- YOUR TASK -
Could you repeat exactly the lines below, from the line containing "Чехол для Kindle" through the last one, both included, while leaving out any pictures?
[EXERCISE MATERIALS — start]
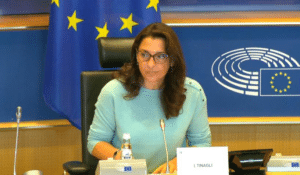 Irene Tinagli, presidente della commissione Affari economici del Parlamento europeo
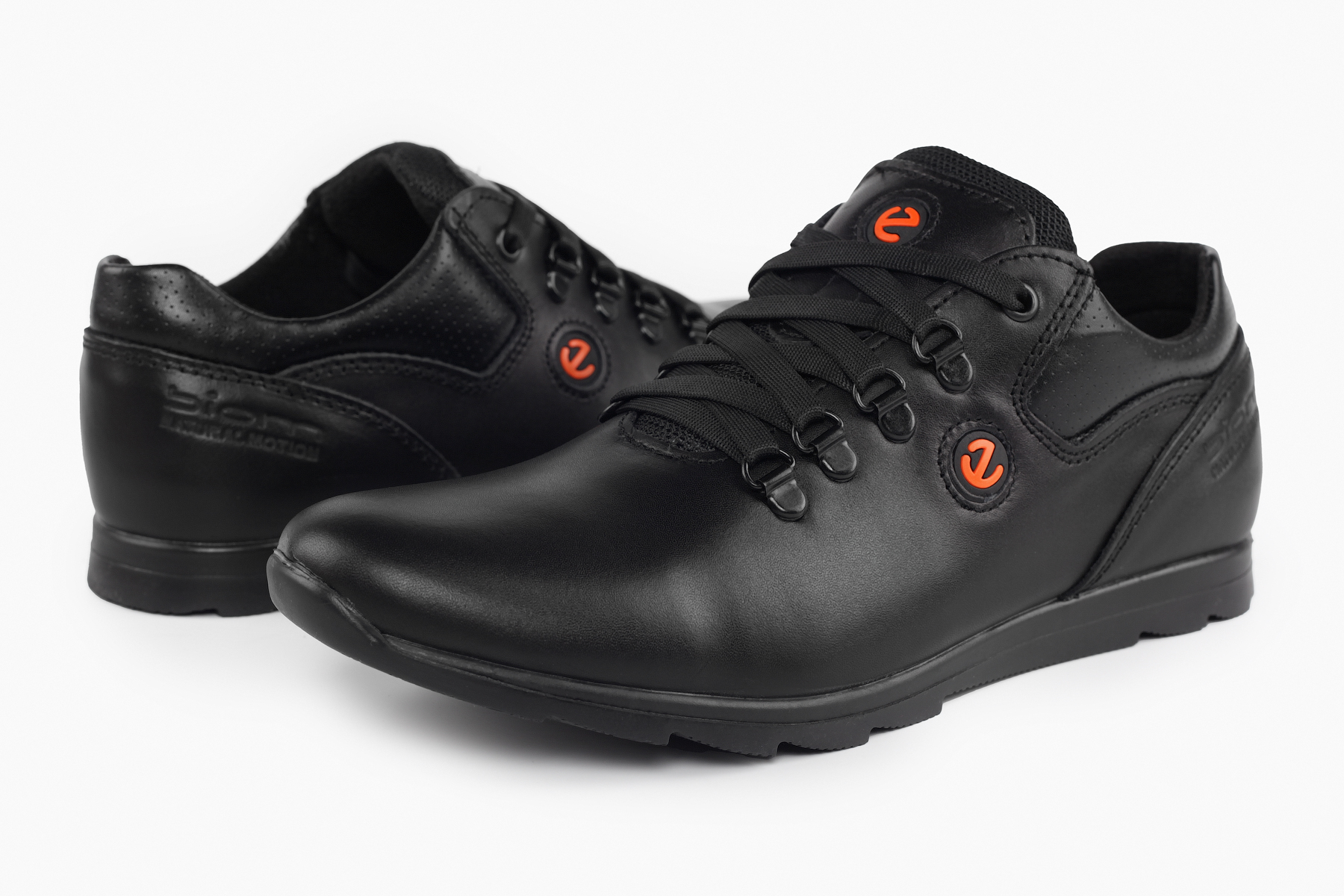 

Туфлі чоловічі 532BLACK 44 Чорний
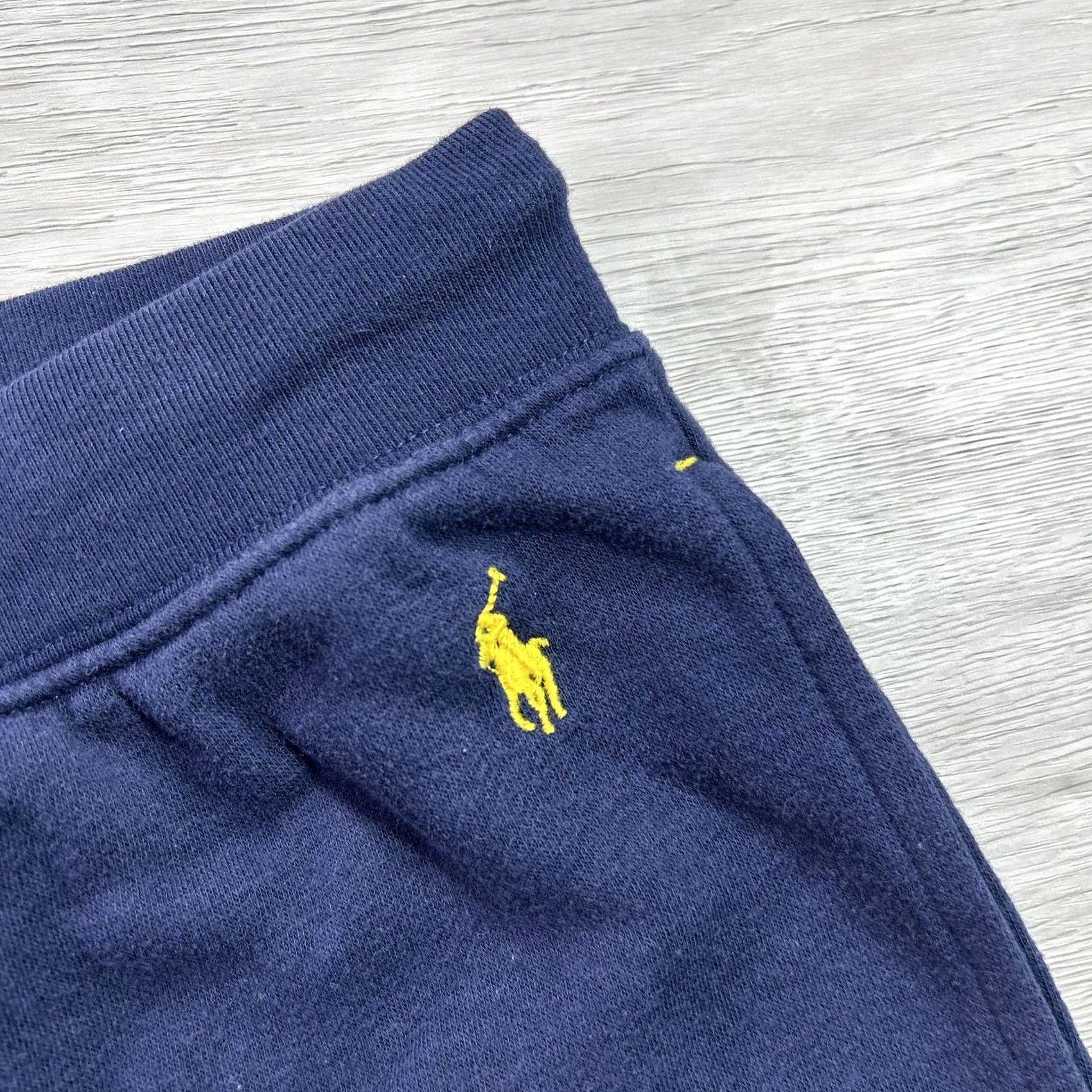 Polo Ralph Lauren Polo Ralph Lauren Sweatpants Mens XL Blue Fleece Jogger Elastic Waist Pockets Size US XL / EU 56 / 4 - 4 Thumbnail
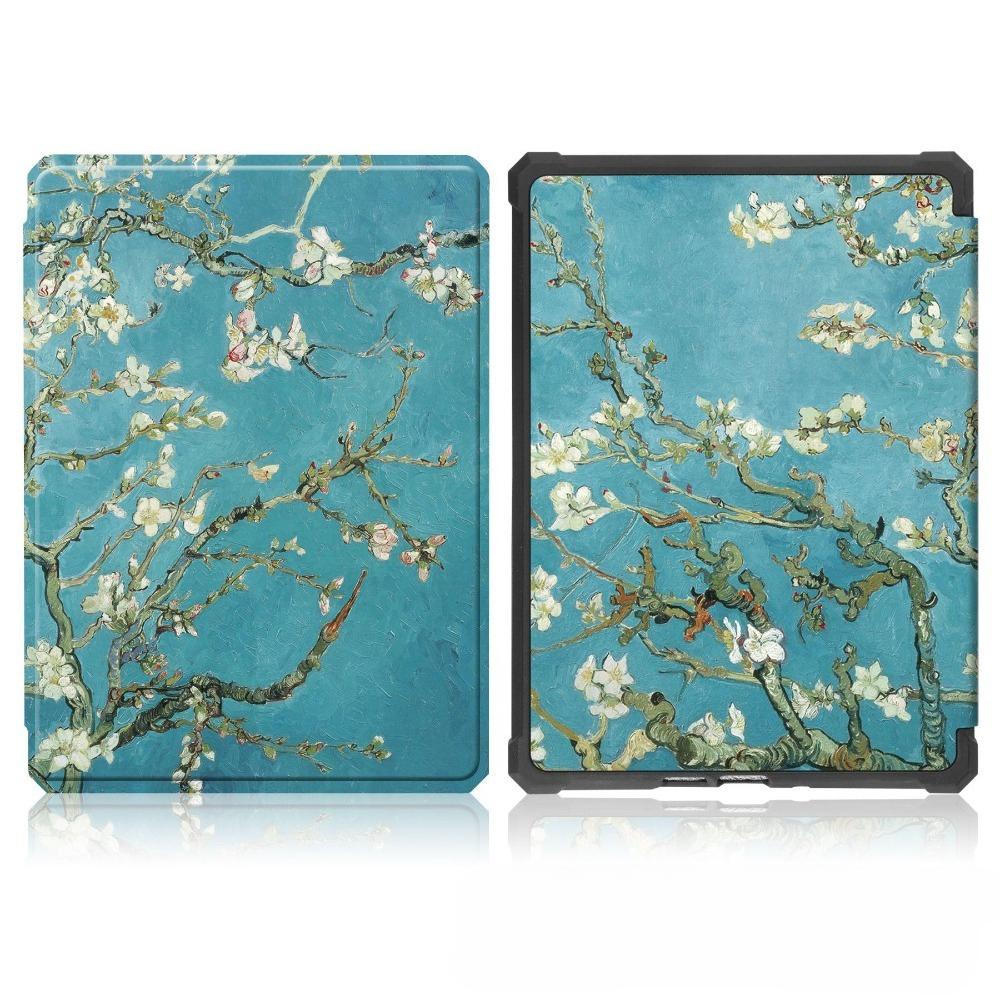 Чехол для Kindle 11-го поколения 6,8 дюйма Мягкая обложка из ТПУ для Amazon Kindle K5 издание 2021 Защитный рукав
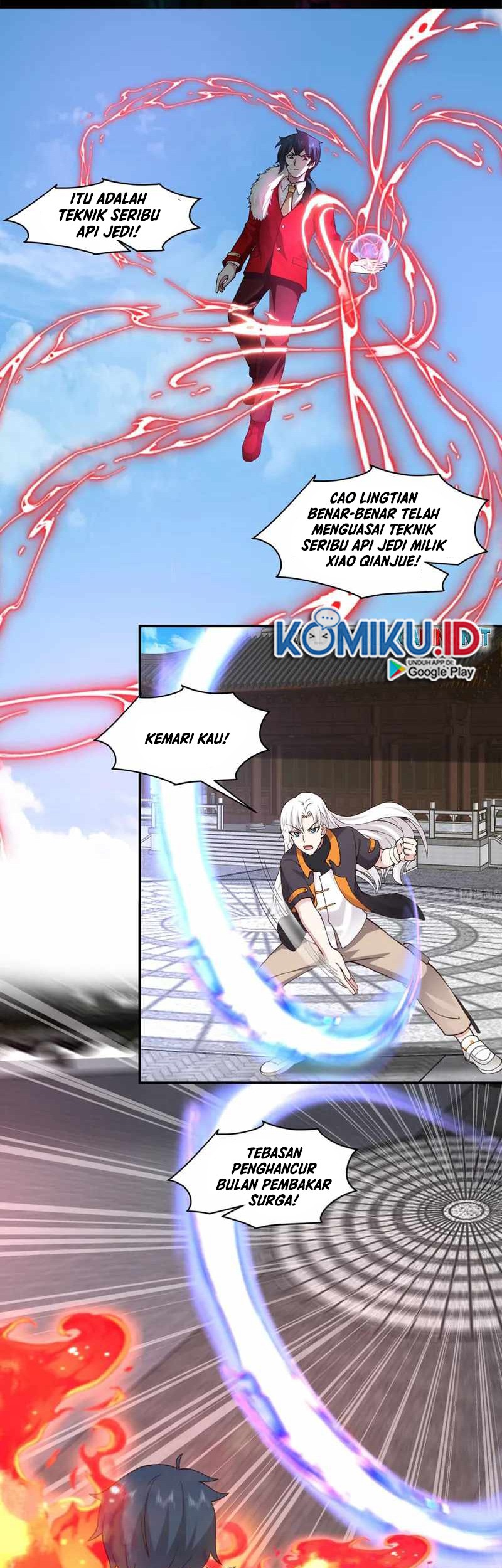 I Have a Dragon on My Body Chapter 536 Gambar 3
[EXERCISE MATERIALS — finish]
- EXERCISE SOLUTION -
 Чехол для Kindle 11-го поколения 6,8 дюйма Мягкая обложка из ТПУ для Amazon Kindle K5 издание 2021 Защитный рукав
 I Have a Dragon on My Body Chapter 536 Gambar 3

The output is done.